[Your assignment]: For the listing below, print exactly the lines from the line with "Women Summer Casual" to the line with "Anchor; Bright Lavender", both included, and nothing beyond them.

##########

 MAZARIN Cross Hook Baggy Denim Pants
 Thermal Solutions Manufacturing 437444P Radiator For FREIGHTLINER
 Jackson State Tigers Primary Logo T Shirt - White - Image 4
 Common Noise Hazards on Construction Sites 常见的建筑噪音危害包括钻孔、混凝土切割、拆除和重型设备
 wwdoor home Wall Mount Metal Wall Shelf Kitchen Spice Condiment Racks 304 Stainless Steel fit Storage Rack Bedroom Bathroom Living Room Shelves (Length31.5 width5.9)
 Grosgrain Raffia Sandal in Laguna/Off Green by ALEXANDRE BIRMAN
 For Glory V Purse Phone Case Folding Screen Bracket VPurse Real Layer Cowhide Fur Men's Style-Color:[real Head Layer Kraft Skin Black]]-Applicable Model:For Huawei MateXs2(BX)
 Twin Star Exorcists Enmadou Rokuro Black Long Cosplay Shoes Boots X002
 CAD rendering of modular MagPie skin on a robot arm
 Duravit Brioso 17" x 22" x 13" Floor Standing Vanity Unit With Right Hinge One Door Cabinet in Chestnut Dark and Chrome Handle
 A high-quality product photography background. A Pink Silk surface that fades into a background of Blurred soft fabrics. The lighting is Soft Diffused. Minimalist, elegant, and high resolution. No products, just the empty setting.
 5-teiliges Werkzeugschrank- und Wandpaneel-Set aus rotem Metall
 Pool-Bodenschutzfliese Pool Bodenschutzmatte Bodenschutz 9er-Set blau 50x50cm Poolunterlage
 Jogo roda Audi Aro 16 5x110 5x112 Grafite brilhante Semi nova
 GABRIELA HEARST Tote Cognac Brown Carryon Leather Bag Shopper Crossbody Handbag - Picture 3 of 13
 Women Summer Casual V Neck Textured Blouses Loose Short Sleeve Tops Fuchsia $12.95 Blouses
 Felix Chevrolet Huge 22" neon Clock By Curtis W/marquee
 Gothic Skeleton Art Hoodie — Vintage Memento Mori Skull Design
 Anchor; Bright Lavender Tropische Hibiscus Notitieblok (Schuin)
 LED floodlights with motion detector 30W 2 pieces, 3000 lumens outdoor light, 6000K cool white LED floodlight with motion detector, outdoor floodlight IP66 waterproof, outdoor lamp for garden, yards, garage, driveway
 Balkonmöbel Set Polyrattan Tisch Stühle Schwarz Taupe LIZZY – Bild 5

##########

[Expected answer]:
 Women Summer Casual V Neck Textured Blouses Loose Short Sleeve Tops Fuchsia $12.95 Blouses
 Felix Chevrolet Huge 22" neon Clock By Curtis W/marquee
 Gothic Skeleton Art Hoodie — Vintage Memento Mori Skull Design
 Anchor; Bright Lavender Tropische Hibiscus Notitieblok (Schuin)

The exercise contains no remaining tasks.